Anticancer Research February 2020, 40 (2) 789-794; DOI: https://doi.org/10.21873/anticanres.14010

Abstract

Background/Aim: To investigate tumor suppression as an indicator of malignization potential within endometrial polyps in asymptomatic postmenopausal women. Materials and Methods: Immunohistochemical studies of the phosphatase and tensin homolog (PTEN) were performed. Cases included 52 benign postmenopausal polyps, 19 endometrioid carcinomas with coexisting benign polyps, and 12 polyps with foci of carcinoma. Controls included 31 atrophic endometria and 32 benign premenopausal polyps. PTEN was scored by quantitative methods according to staining intensity. Results: The mean epithelial and stromal PTEN H-score in postmenopausal benign endometrial polyps (193.8 and 123.2, respectively) was significantly higher than that in the atrophic endometrium (135.5 and 90.2, p=0.008), and premenopausal benign endometrial polyps (100.7 and 198.7, p<0.001). Significant difference between postmenopausal endometrial polyps and endometrial carcinoma was noticed in the epithelial compartment (193.8 vs. 65.7, respectively, p<0.001). Conclusion: Asymptomatic benign postmenopausal polyps have a distinctively high tumor suppression compared with endometrial cancer, suggesting low malignization potential.

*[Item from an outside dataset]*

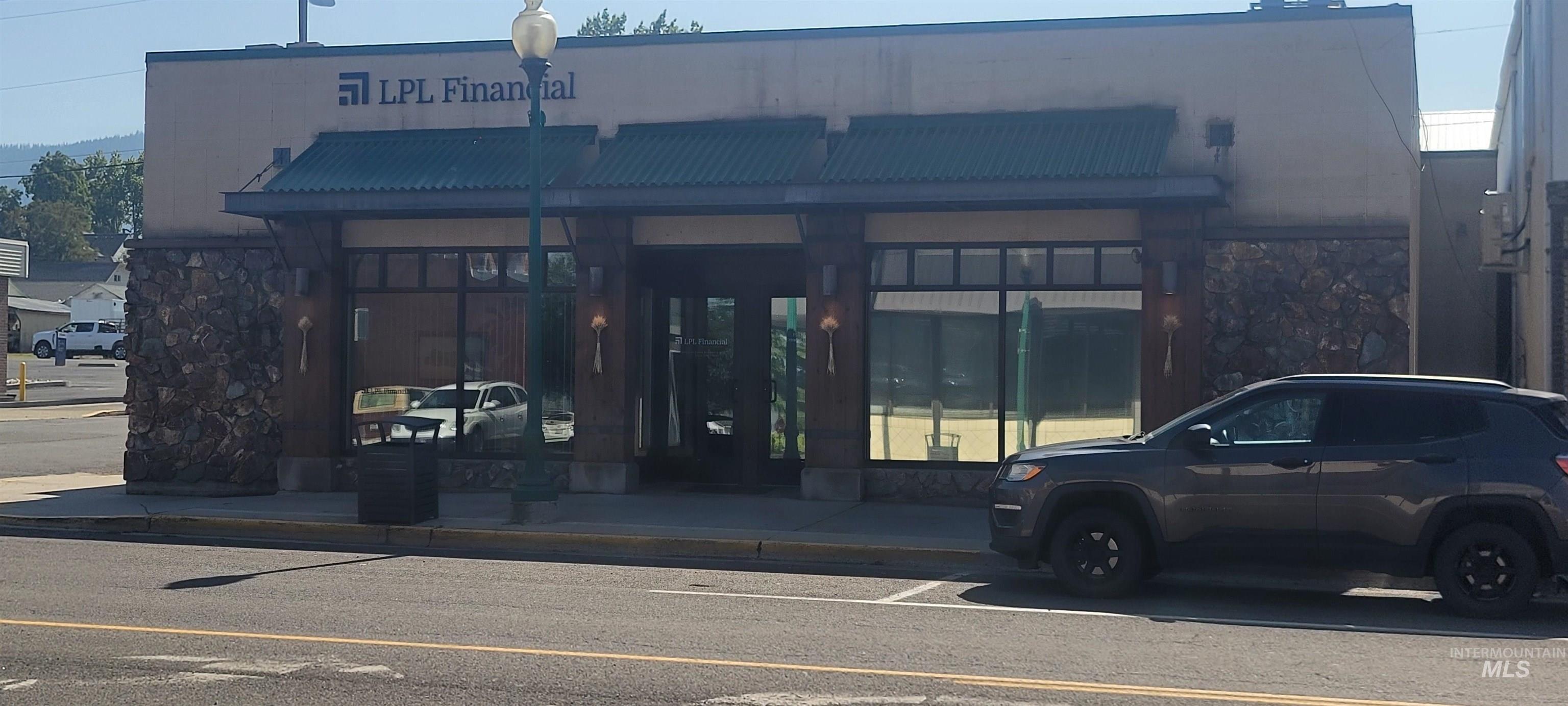 Property Image for 106 W Main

Endometrial polyps (EPs) are localized projections of endometrial tissue found in approximately 30% of women in the western world and are commonly considered benign endometrial lesions (1-4).

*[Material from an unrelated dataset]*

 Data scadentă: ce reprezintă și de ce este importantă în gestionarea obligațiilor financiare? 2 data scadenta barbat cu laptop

Hysteroscopic polypectomy is the gold standard to treat symptomatic endometrial polyps, to obtain specimens for histological evaluation, and to provide a relatively safe and cost-effective secondary prevention of endometrial cancer (EC) (5, 6). Widespread use of gynaecological ultrasonography has led to improved detection of asymptomatic endometrial polyps (6, 7). The management of asymptomatic postmenopausal women with incidentally identified EPs is still a matter of debate, as the association of these EPs with malignancy is low and accounts for 0.1-1.51%, compared with 4.47% in symptomatic EPs (4, 6, 8-11).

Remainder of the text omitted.